聖パウロはレンブラントが初期の時代から取り組んだ主題であった。たとえば聖パウロはしばしば投獄されたが、1627年にシュトゥットガルト州立美術館所蔵の『獄中の聖パウロ』(De apostel Paulus in de gevangenis)を描いている[3][4]。1628年頃にはしばしば論争する聖ペトロと聖パウロを描いたと解釈されるヴィクトリア国立美術館所蔵の『論争する二人の老人』(Twee oude mannen in dispuut)[5][6]、また1629年から1630年の間にゲルマン国立博物館所蔵の『机に向かう使徒パウロ』(De apostel Paulus aan zijn schrijftafel)といった作品を制作している[7][8]。

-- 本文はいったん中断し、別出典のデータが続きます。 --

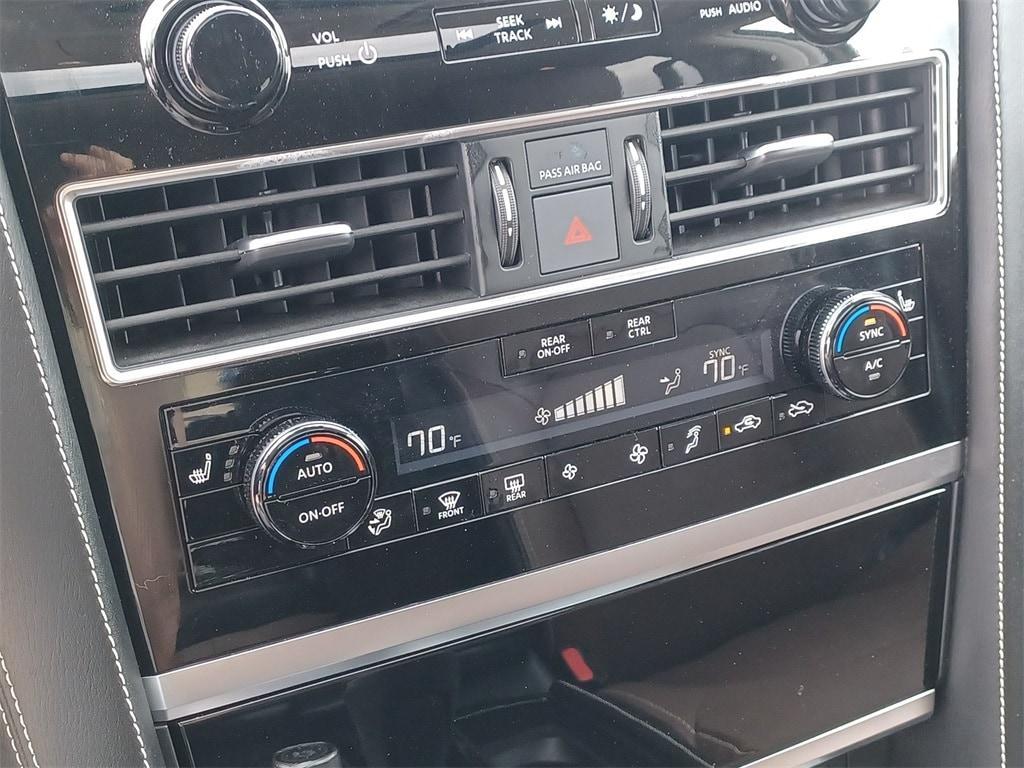 used 2024 INFINITI QX80 car, priced at $57,991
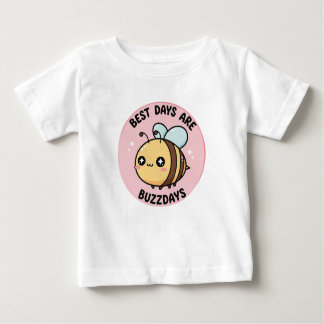 Cute Bee Baby T-Shirt – Kawaii Bumblebee ベビーTシャツ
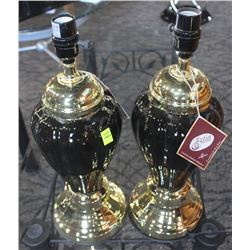 TANGO 27" BLACK LAMP - NO SHADE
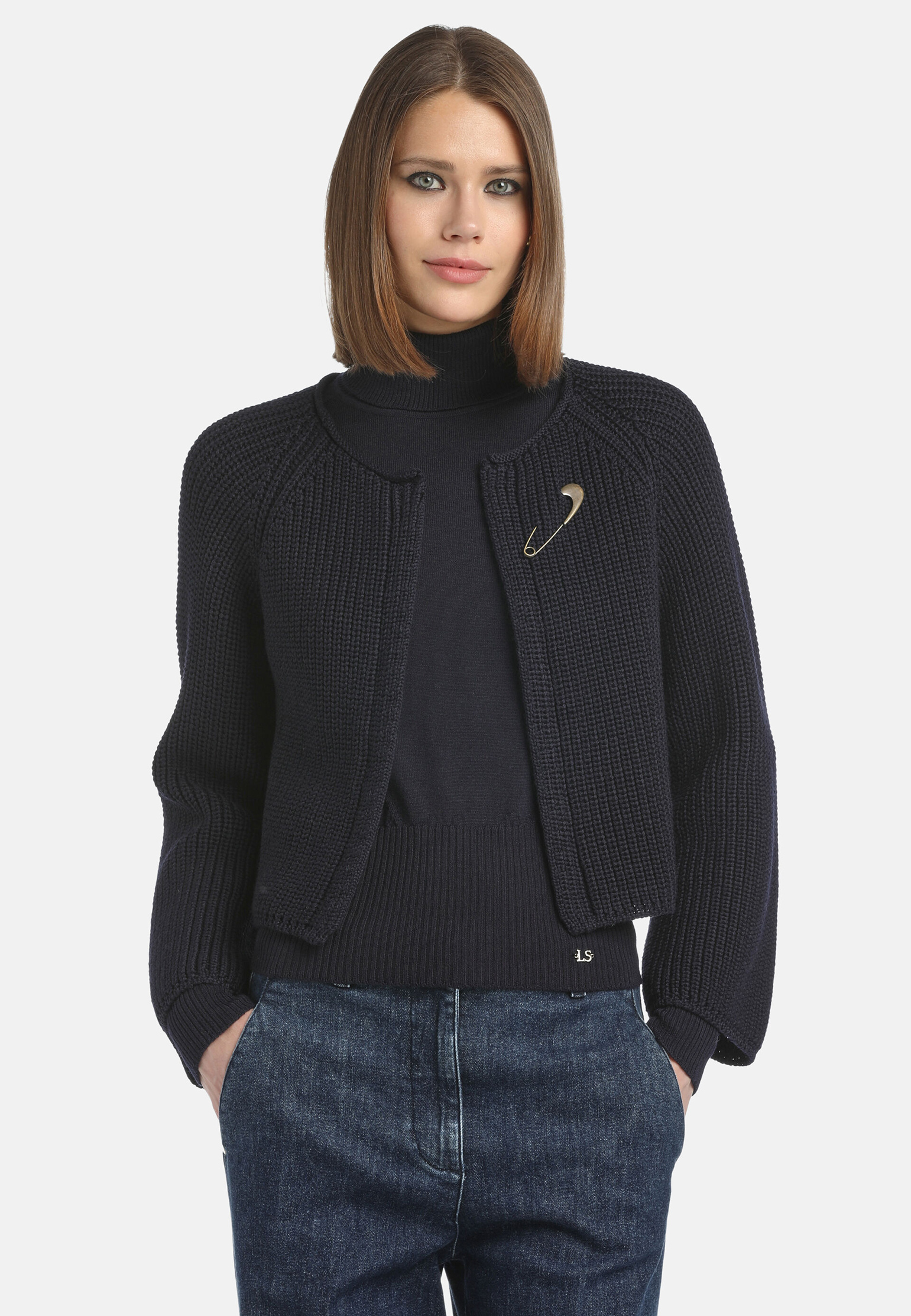 

Кардиган LUISA SPAGNOLI, Синий, Синий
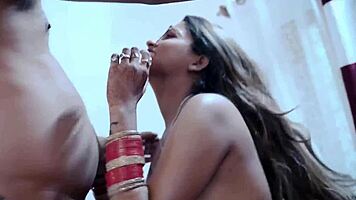 beautiful indian maid bends over for hot doggystyle pounding with dirty hindi dirty talk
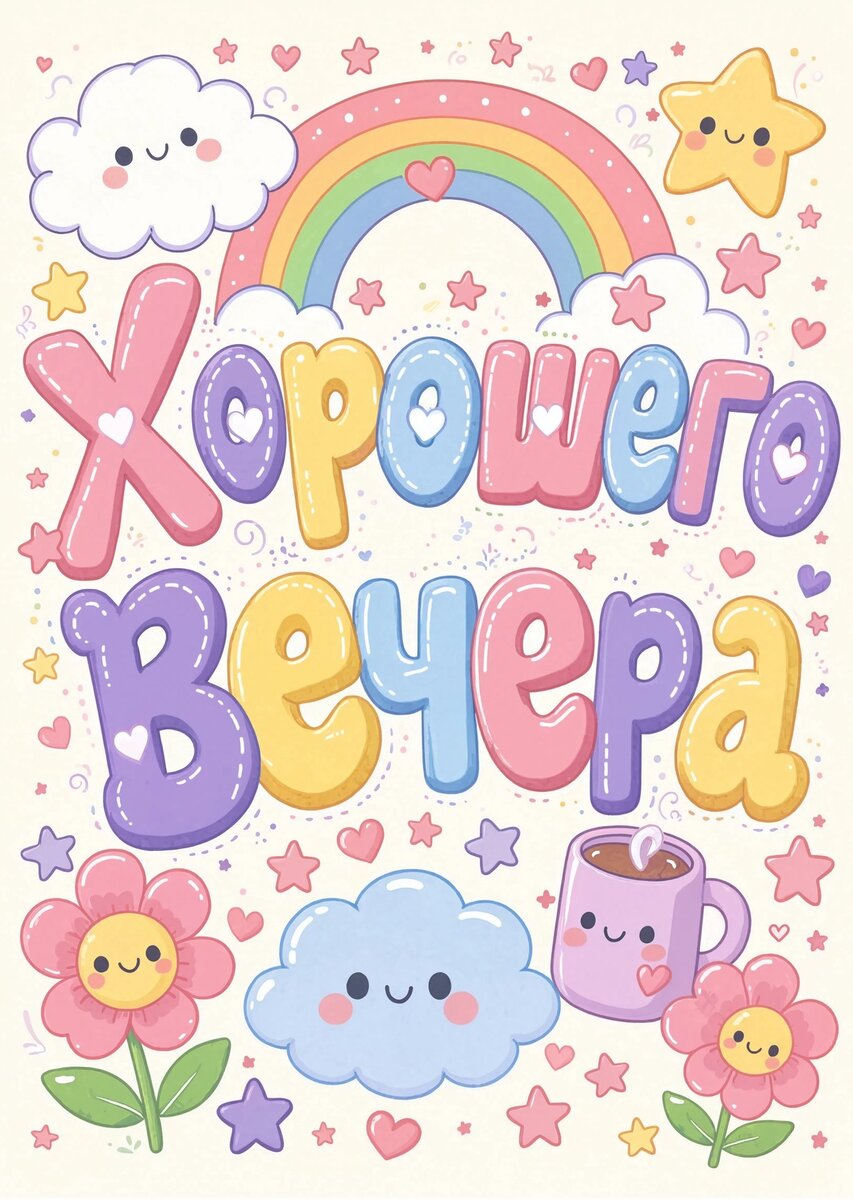 Открытка Хорошего Вечера #112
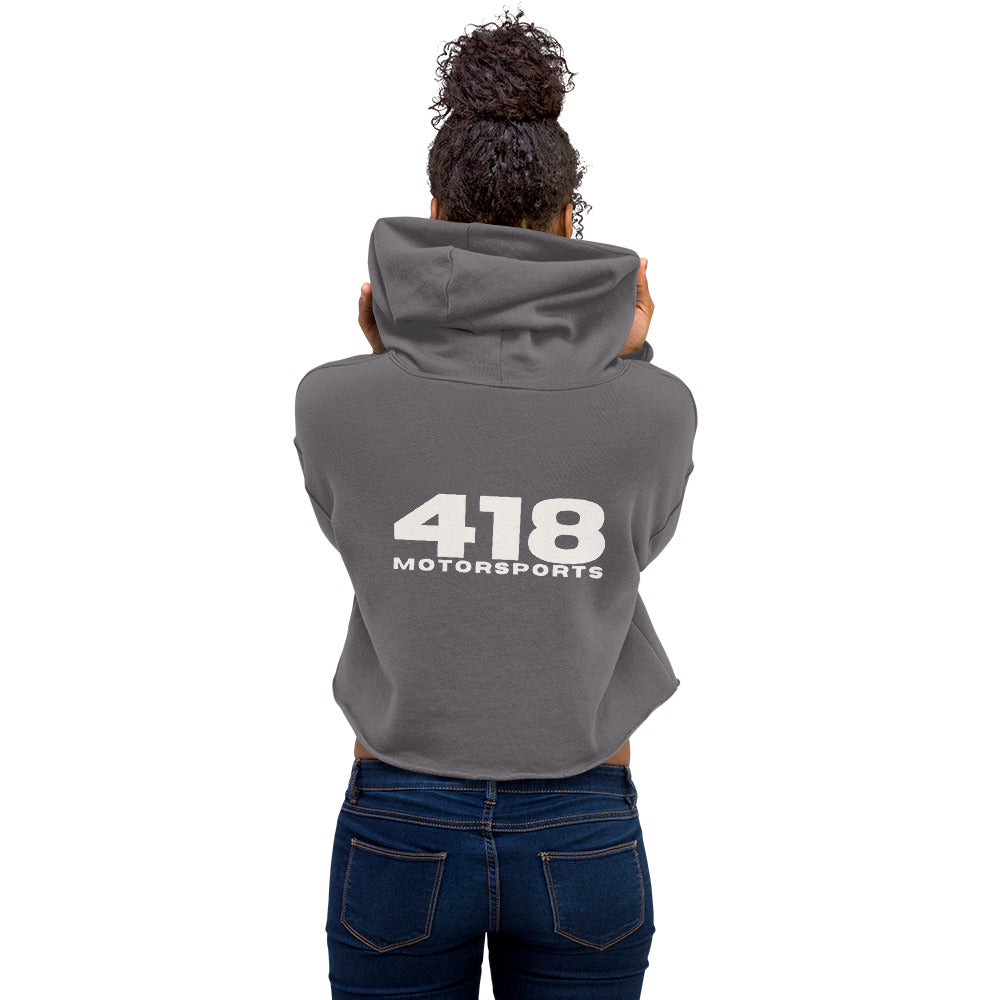 418 OG Crop Hoodie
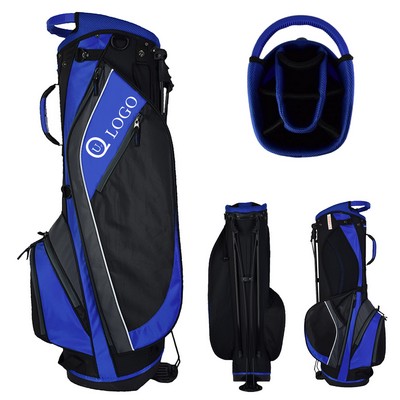 16.14X8.26X35.03" Polyyester Waterproof Golf Bag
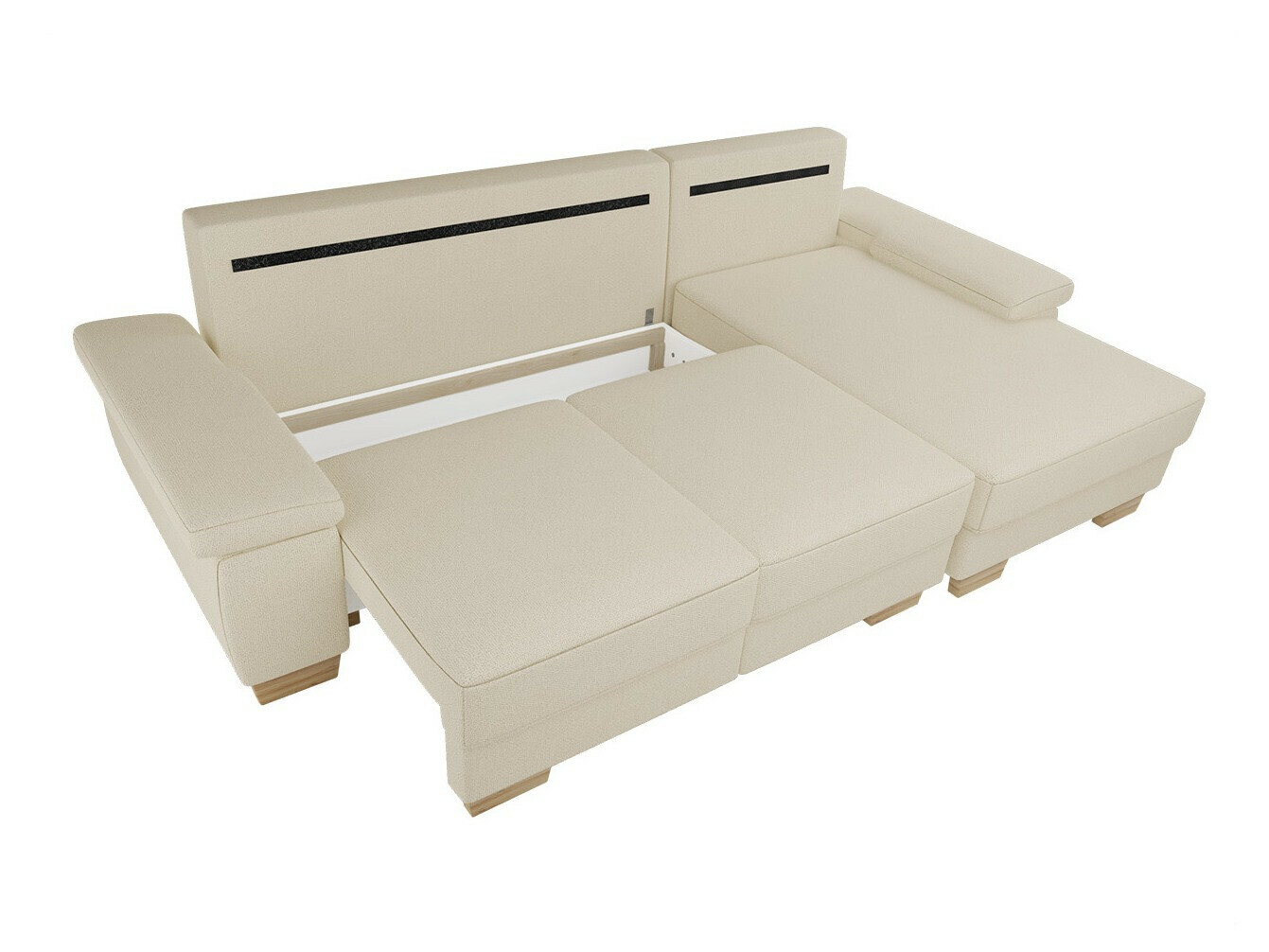 Ъглов диван Lincoln 182 (Barrel 03)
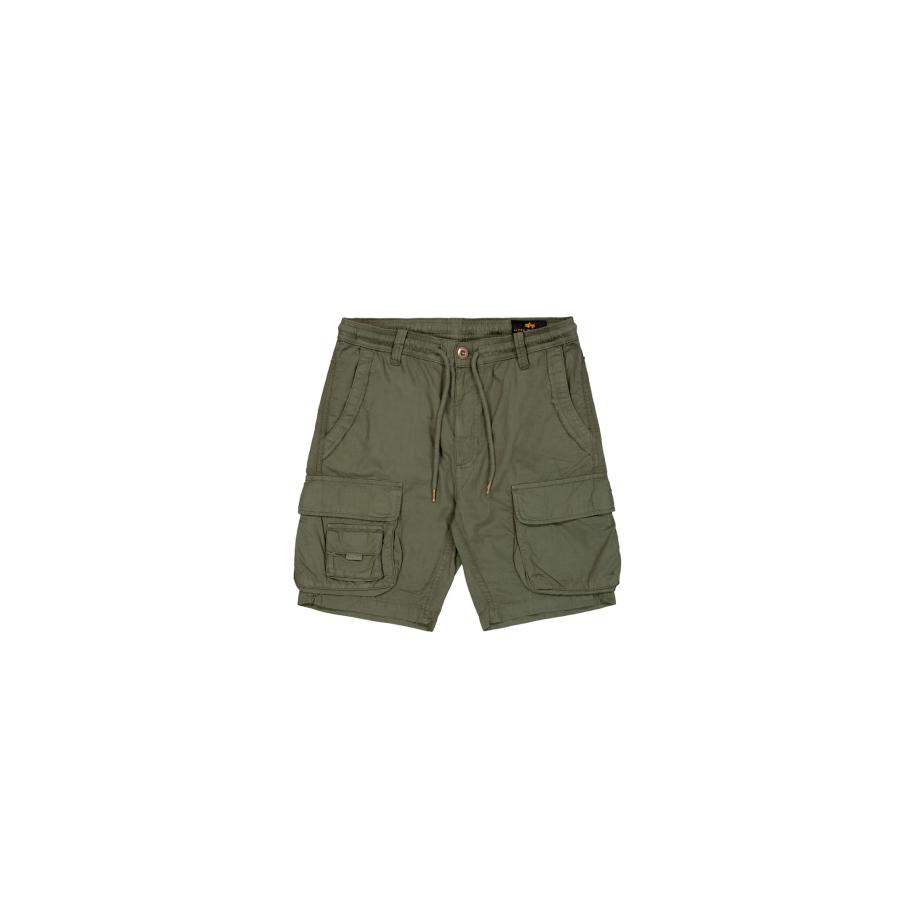 Alpha Industries ALPHA INDUSTRIES Broek olijfgroen -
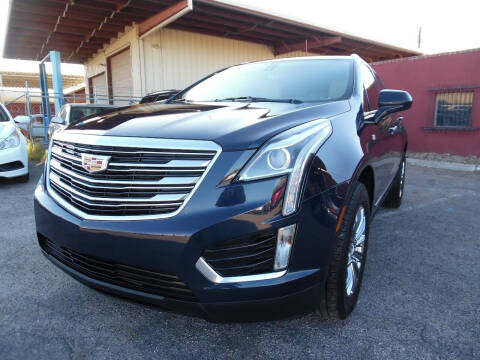 2017 Cadillac XT5 for sale at Atlas Car Sales in Tucson AZ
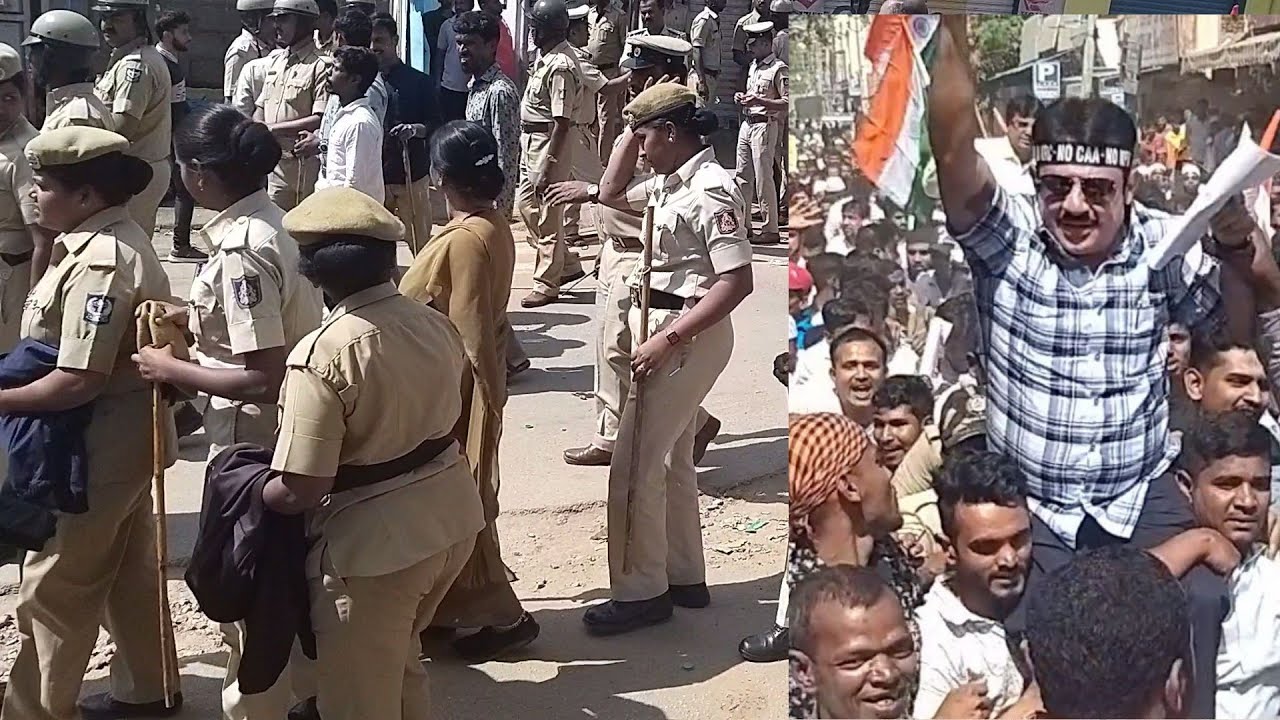 B.Z Zameer Ahmed assures his support towards 48 people against whom FIR-Section 154,Crpc is booked.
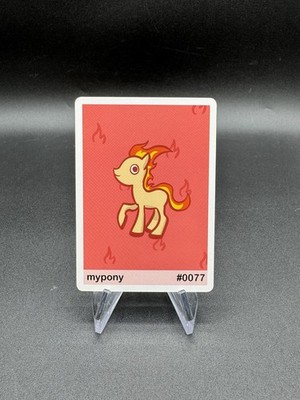 Ponyta - Mypony #077 Pookiemoot Series 1 Custom Fan Art Pokemon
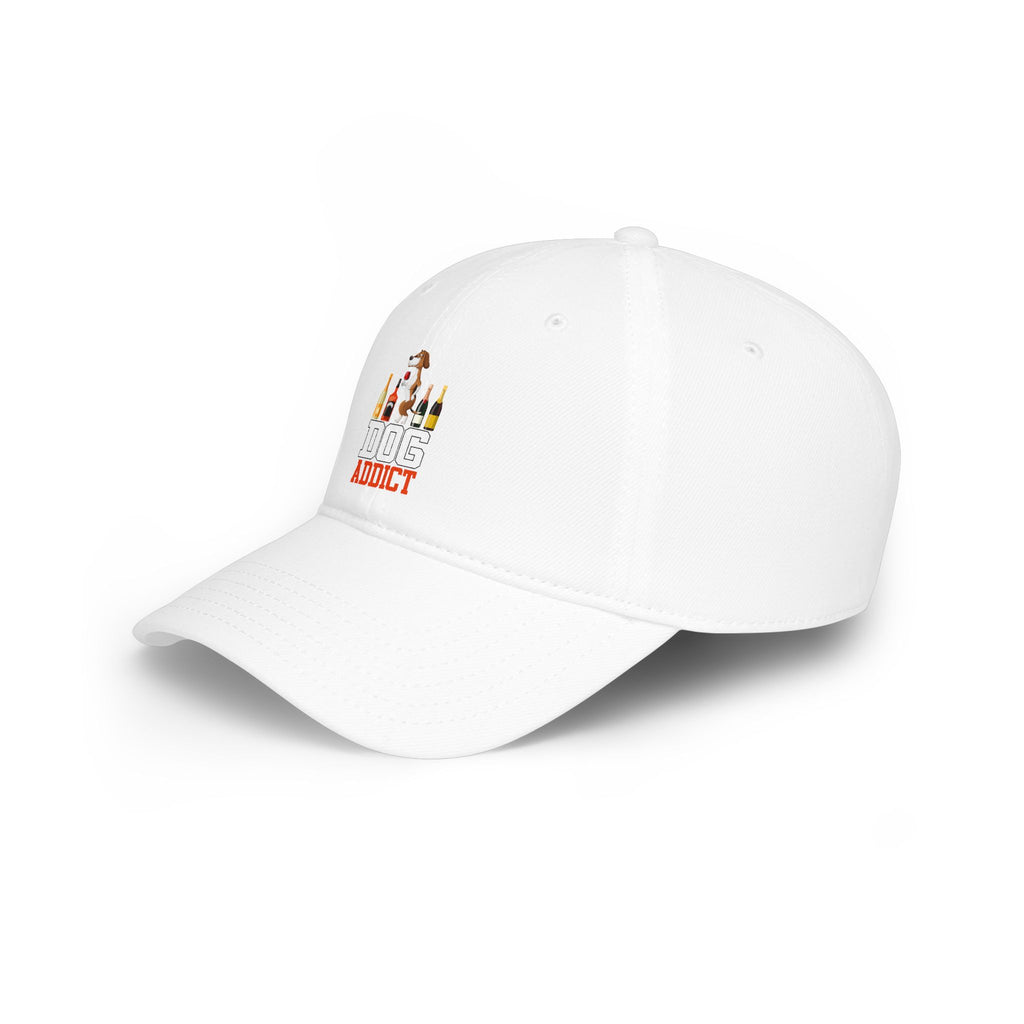 Dog Addict Low Profile Baseball Cap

レンブラントは机の前に座る聖パウロを描いている[1][2]。つい先ほどまで手紙を書いていたのだろう、聖パウロは身体を起こして鑑賞者のほうに顔を向けているが、椅子の肘掛けに乗せられた右手には羽根ペンが握られ、机の上に開いた大きな書物の上には書きかけの手紙を抑えるために左腕を置いている[2][9]。薄暗い聖パウロの机の周囲は書物で囲まれており、画面右奥には聖パウロが殉教した際に斬首されたことを示すアトリビュートである大きな両手剣が置かれている[2][9]。
かつては署名とおそらく1636年の日付が描き込まれていたが、現在ではかすれてほとんど確認できない[2][9]。
レンブラントは聖パウロの容貌をカッセル・アルテ・マイスター絵画館所蔵の1632年頃の習作『金の鎖を掛けた老人』(Borststuk van een oude man met een gouden ketting)に基づいて描いている。この作品はある種の表情研究として大きな成果を収めており、本作品の他にスウェーデン国立美術館所蔵の『使徒ペトロ』(De apostel Petrus)の出発点となっている[2]。そのほかに本作品を制作する上での重要な作品として、1627年頃のルーヴル美術館所蔵の素描『使徒聖ペトロ』が挙げられる[2][9]。この素描を本作品と結びつけて考えたのは美術史家コルネリス・ホフステーデ・デ・フロートであり、この見解はそれ以降一般的に受け入れられている[10]。両者は構図的によく似ているが、パウロの姿勢は正面観に近づくよう左後方に向きを修正され、よりいっそう印象深いものになっている[2]。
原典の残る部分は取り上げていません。